Como era a estrutura do futebol feminino em BH quando você jogava aqui?
O futebol mineiro em geral é bastante deficiente de estrutura, mas sempre foi muito bem abastecido de paixão e pessoas competentes querendo mudar a realidade. Minha avaliação, portanto, será extremamente técnica e não abordará nenhuma comissão técnica ou dirigentes de clubes, porque não á culpa deles. A nossa estrutura era muito precária em termos de condições oferecidas. Tínhamos um bom campo, treinávamos na Vila Olímpica, e também tínhamos todos os uniformes que, apesar de serem grandes para mulheres, satisfaziam nossas viagens e jogos muito bem. Também contávamos com a nutricionista Flavia Magalhães, que foi primordial no nosso desempenho, e ótimas cozinheiras na Vila. Nossas maiores dificuldades se relacionavam a salário, visibilidade e viagens. Ganhávamos muito pouco para tanto tempo dedicado à equipe. Algumas das jogadoras já eram mães e tinham dificuldades em fazer o “ganha pão”, assim como atletas que gostariam de entrar para faculdade e ficaram limitadas aos estudos, devido aos treinos diários ou atá mesmo a falta de capital para pagar mensalidades.
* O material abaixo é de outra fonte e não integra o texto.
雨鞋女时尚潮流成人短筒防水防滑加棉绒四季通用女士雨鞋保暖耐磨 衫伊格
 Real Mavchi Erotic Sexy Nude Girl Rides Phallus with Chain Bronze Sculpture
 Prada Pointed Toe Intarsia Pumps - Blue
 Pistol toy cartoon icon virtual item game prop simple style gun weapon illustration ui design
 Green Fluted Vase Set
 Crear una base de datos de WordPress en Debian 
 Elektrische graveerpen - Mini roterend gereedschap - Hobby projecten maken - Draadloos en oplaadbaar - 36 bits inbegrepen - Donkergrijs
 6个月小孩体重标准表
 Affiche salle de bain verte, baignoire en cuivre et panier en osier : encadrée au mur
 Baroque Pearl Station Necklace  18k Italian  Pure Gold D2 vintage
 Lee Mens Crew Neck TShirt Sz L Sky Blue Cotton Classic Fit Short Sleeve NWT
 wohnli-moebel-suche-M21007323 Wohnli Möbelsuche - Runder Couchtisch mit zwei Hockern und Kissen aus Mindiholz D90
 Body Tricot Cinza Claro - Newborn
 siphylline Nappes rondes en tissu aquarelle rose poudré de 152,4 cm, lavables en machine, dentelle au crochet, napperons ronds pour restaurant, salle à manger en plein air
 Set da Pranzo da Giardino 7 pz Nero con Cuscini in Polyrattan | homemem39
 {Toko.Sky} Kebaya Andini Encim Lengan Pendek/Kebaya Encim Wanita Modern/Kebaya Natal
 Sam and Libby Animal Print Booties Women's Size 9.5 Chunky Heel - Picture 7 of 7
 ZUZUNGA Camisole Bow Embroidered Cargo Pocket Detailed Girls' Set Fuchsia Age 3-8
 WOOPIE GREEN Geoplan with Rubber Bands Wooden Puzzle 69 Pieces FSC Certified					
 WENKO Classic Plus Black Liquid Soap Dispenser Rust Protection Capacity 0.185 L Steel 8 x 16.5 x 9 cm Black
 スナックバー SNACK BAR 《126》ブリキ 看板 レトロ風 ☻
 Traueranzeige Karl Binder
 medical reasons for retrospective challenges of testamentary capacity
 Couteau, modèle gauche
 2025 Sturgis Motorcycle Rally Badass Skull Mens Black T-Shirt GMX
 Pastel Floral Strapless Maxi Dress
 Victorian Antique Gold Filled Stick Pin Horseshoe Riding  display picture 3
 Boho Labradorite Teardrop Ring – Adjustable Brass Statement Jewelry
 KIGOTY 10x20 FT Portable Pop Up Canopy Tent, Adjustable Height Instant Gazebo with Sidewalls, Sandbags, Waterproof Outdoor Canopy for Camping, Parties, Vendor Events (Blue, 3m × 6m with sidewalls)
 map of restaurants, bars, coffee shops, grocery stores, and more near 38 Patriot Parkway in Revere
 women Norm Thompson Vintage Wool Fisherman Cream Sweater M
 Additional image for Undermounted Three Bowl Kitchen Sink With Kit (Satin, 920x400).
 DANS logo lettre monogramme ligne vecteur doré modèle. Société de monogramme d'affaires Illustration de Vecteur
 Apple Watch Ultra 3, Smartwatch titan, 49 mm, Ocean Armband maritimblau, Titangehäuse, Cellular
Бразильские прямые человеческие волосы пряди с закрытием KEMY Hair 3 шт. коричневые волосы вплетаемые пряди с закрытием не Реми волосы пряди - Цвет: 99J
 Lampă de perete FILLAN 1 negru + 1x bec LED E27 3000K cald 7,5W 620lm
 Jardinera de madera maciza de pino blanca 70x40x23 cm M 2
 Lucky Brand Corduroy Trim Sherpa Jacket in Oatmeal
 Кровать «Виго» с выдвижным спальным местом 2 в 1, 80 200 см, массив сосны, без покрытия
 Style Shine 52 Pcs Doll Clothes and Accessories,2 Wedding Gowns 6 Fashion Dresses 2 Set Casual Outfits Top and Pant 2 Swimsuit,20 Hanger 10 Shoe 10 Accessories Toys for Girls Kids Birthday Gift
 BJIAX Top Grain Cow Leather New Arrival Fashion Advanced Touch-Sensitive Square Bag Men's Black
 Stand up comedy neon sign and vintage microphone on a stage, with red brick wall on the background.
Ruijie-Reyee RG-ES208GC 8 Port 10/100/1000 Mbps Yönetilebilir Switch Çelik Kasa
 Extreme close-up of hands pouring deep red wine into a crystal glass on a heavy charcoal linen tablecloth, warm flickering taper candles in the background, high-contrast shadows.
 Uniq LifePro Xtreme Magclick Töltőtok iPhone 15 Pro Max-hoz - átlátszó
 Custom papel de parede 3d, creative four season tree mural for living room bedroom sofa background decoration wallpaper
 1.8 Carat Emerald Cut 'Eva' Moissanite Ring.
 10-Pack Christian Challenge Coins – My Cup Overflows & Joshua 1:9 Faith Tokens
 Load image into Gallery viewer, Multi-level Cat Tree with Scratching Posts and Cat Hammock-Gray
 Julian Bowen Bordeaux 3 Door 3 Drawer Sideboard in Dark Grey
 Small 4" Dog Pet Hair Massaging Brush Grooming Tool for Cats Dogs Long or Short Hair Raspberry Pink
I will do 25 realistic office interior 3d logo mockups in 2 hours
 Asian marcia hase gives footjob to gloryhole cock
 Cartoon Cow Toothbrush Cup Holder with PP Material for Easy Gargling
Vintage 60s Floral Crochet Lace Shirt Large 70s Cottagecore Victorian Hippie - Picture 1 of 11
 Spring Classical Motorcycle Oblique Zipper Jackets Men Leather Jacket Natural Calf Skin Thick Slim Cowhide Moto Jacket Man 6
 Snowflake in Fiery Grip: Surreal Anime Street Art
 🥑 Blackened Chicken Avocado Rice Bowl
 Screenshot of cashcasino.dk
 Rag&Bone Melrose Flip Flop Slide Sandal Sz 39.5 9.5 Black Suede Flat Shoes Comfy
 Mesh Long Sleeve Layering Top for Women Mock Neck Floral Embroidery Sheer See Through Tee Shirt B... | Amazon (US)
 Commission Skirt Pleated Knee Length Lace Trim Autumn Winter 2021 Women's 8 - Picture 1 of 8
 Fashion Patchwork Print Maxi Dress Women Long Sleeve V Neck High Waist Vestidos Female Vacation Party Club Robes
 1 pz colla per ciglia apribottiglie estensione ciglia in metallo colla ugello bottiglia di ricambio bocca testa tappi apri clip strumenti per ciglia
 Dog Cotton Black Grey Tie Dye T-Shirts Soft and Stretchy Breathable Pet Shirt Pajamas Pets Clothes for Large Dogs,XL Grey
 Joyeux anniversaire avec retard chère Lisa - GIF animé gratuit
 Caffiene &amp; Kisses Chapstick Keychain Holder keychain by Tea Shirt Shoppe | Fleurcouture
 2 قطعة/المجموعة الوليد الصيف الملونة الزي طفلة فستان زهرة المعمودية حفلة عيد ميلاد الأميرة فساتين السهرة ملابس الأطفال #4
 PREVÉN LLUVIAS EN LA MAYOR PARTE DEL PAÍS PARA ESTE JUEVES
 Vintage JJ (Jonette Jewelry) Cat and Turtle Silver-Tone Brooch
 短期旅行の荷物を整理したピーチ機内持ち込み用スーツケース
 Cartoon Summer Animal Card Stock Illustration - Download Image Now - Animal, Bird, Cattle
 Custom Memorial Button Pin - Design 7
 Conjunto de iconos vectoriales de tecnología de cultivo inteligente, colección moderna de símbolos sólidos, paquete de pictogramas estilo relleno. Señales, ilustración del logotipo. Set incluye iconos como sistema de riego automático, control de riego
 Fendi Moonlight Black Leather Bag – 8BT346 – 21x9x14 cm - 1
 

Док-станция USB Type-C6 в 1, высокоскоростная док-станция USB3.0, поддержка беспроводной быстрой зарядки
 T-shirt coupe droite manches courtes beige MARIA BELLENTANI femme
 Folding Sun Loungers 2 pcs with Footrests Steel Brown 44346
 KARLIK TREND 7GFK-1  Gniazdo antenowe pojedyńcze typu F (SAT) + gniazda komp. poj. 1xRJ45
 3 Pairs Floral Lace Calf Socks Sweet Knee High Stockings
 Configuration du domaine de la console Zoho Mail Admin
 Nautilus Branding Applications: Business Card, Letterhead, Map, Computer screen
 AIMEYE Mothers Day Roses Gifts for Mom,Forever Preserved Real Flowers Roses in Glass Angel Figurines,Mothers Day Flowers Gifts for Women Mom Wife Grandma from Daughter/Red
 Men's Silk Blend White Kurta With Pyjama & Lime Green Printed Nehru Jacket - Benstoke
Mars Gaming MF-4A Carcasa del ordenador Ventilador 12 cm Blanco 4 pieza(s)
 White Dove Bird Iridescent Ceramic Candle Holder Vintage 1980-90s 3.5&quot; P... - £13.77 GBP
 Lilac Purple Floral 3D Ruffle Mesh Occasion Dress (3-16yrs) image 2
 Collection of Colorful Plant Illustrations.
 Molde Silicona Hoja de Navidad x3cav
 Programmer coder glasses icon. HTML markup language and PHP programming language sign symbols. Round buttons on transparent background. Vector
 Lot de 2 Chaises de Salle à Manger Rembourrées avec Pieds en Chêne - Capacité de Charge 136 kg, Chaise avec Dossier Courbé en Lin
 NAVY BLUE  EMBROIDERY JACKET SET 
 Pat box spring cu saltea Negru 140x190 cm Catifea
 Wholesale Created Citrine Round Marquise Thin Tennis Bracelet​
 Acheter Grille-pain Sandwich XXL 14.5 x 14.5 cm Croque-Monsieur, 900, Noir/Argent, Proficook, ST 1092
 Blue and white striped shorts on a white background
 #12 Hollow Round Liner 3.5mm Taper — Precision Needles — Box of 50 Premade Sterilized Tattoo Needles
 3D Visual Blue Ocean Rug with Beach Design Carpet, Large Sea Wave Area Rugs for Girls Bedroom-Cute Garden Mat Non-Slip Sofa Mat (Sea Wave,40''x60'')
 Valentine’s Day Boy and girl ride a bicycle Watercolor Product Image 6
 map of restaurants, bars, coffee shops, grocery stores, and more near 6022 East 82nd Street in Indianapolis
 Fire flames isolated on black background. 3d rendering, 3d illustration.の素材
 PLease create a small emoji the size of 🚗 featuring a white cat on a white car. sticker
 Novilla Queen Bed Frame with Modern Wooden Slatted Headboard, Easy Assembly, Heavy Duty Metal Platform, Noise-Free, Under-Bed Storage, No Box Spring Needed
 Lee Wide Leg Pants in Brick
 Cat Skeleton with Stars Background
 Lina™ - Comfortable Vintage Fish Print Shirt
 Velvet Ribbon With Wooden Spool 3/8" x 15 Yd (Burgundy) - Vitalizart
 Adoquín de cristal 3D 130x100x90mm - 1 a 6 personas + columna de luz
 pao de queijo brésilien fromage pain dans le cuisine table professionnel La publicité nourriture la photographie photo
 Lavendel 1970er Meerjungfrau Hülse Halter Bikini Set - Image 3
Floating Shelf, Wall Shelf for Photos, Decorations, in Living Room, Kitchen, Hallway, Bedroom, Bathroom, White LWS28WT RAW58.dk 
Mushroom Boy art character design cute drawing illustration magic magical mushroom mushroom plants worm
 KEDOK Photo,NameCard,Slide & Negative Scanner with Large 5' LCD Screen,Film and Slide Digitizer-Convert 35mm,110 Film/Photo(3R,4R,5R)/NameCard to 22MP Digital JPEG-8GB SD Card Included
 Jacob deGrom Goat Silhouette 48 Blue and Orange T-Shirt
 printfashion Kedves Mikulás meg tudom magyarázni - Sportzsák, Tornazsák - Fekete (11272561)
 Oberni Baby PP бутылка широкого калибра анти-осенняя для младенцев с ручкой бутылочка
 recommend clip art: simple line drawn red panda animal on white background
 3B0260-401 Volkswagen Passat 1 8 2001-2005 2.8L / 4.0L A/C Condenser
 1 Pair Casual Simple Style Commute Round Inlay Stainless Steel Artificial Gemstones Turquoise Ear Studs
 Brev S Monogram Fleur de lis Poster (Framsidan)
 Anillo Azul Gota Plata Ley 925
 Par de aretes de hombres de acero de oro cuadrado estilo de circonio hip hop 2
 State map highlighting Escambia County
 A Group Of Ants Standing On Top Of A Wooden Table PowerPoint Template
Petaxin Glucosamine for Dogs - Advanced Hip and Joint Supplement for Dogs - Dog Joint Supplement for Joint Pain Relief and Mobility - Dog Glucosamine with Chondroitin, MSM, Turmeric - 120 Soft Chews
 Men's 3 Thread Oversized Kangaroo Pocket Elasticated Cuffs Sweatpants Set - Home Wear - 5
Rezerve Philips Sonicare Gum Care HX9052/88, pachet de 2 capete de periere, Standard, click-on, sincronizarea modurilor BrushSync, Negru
Em relação ao Campeonato Mineiro, sempre foi muito bem organizado, mas o nível eu acredito que ainda pode melhorar. O grande talento mineiro muitas vezes é debilitado pela falta de treinamento e estrutura de CTs. Nossas jogadoras poderiam ser mais bem exploradas se pudessem se dedicar 100% a uma equipe e saber que aquele time suportaria suas despesas. Ainda havia baixa visibilidade para a Seleção Brasileira, pois o Mineiro ainda não consegue ser alvo das seletivas ou de olheiros.
Como foi pra você jogar no Galo?
Jogar no Galo foi uma paixão e um compromisso pessoal ao mesmo tempo. Minha família tem um carinho enorme pelo time e quando eu soube da oportunidade, me veio à mente que eu jogaria não somente para um time de muitas emoções, mas para um dos maiores nomes do futebol brasileiro. O Galo impõe respeito aonde vai e já foi referencia no futebol feminino. Espero muito que o time volte, belas historias poderiam ser reescritas.
Tem algum jogo da sua carreira que ficou marcado?
Certamente a final do Mineiro de 2009, em que eu marquei o gol da vitória e fomos campeãs, nos classificando para a Copa do Brasil nos últimos minutos. Além desse jogo, adorei jogar contra o Santos FC porque encarei a Formiga, a Maurine e a Ester, que sempre foram referências no futebol para mim.
Você também atuou no futsal enquanto jogava pelo Atlético. Como você conseguiu conciliar as duas modalidades? Como o futsal te ajudou na trajetória do futebol feminino?
São duas modalidades extremamente diferentes, mas fundamentais. Se não me engano, muitos dos nossos ídolos passaram pelo mesmo processo e conciliaram muito bem, temos os exemplos do Ronaldinho Gaúcho e também do Neymar. Acho que o futsal dá uma base muito sólida para o campo, por causa da movimentação e dos 1-2 que acontecem. Esse conceito tático me ajudou muito em situações de campo reduzido ou alta pressão, de manter a calma e achar os ‘buracos’. Joguei futsal e campo por um ano, depois tive de escolher o campo porque estava ficando muito cansada e precisava me dedicar a uma modalidade. Ainda sim, acho que todos os jogadores deveriam aprender com o futsal, pegar a intensidade do jogo e se reinventar no esporte.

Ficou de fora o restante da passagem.